▶ _PROMPT_: Copy the lines below exactly, starting with the first and finishing with the one holding "Nope. No error."; do not copy the pictures.

(Stored data entries)
━━━━━━━━━━━━━━━━━━━━━━━━━━━━━━
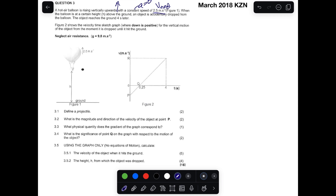When the balloon is at a certain height above the ground, an object is accidentally dropped. When it's dropped, its initial velocity is that of the hot air balloon — the object is already moving at the balloon's velocity. We're not told the height where the object was dropped, but we are told the velocity is 2.5 meters per second.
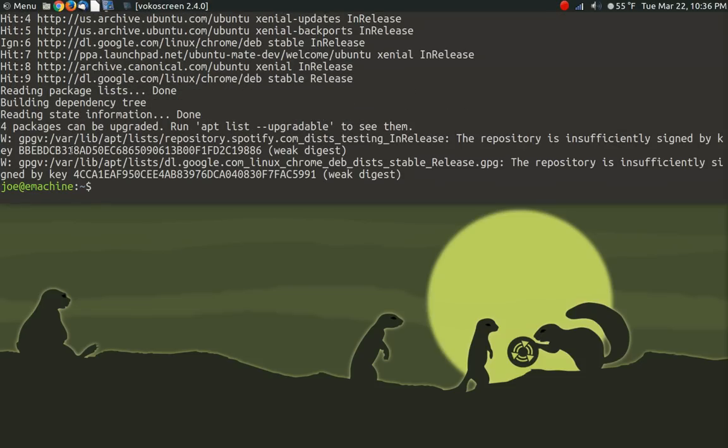Nope. No error. No problem. Except for the warnings about the weak public keys in the Spotify and the Mate repositories. I'm sure that they will fix that somewhere down the road. So anyway,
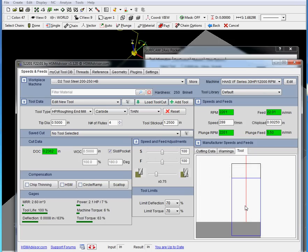Or, what I personally like to do more is I like to helically plunge to the required depth. So we can click on this button, circle ramp.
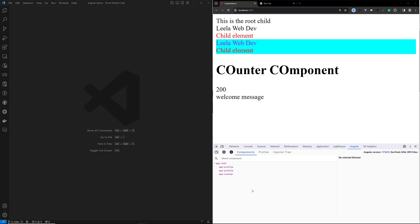Hi guys, this is Leela, welcome to my channel Leela WebDev. We are learning about the input property in Angular 17 — specifically the new concepts and features introduced in Angular 17. It's time for us to learn some more details about this input property.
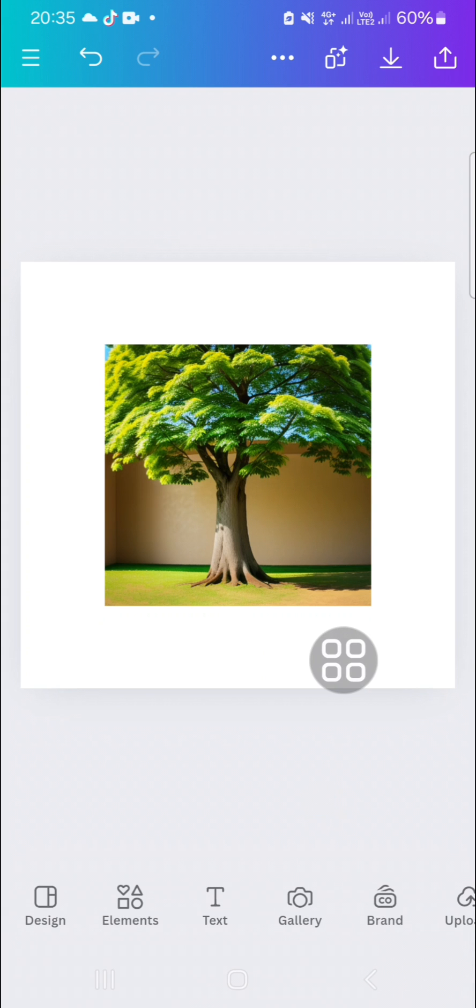That's how we can turn our drawing or sketch into any image we want in Canva. I hope this video will be useful for you. Thank you so much for watching and see you in the next video.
━━━━━━━━━━━━━━━━━━━━━━━━━━━━━━
▶ _EXERCISE OUTPUT_:
When the balloon is at a certain height above the ground, an object is accidentally dropped. When it's dropped, its initial velocity is that of the hot air balloon — the object is already moving at the balloon's velocity. We're not told the height where the object was dropped, but we are told the velocity is 2.5 meters per second.
Nope. No error. No problem. Except for the warnings about the weak public keys in the Spotify and the Mate repositories. I'm sure that they will fix that somewhere down the road. So anyway,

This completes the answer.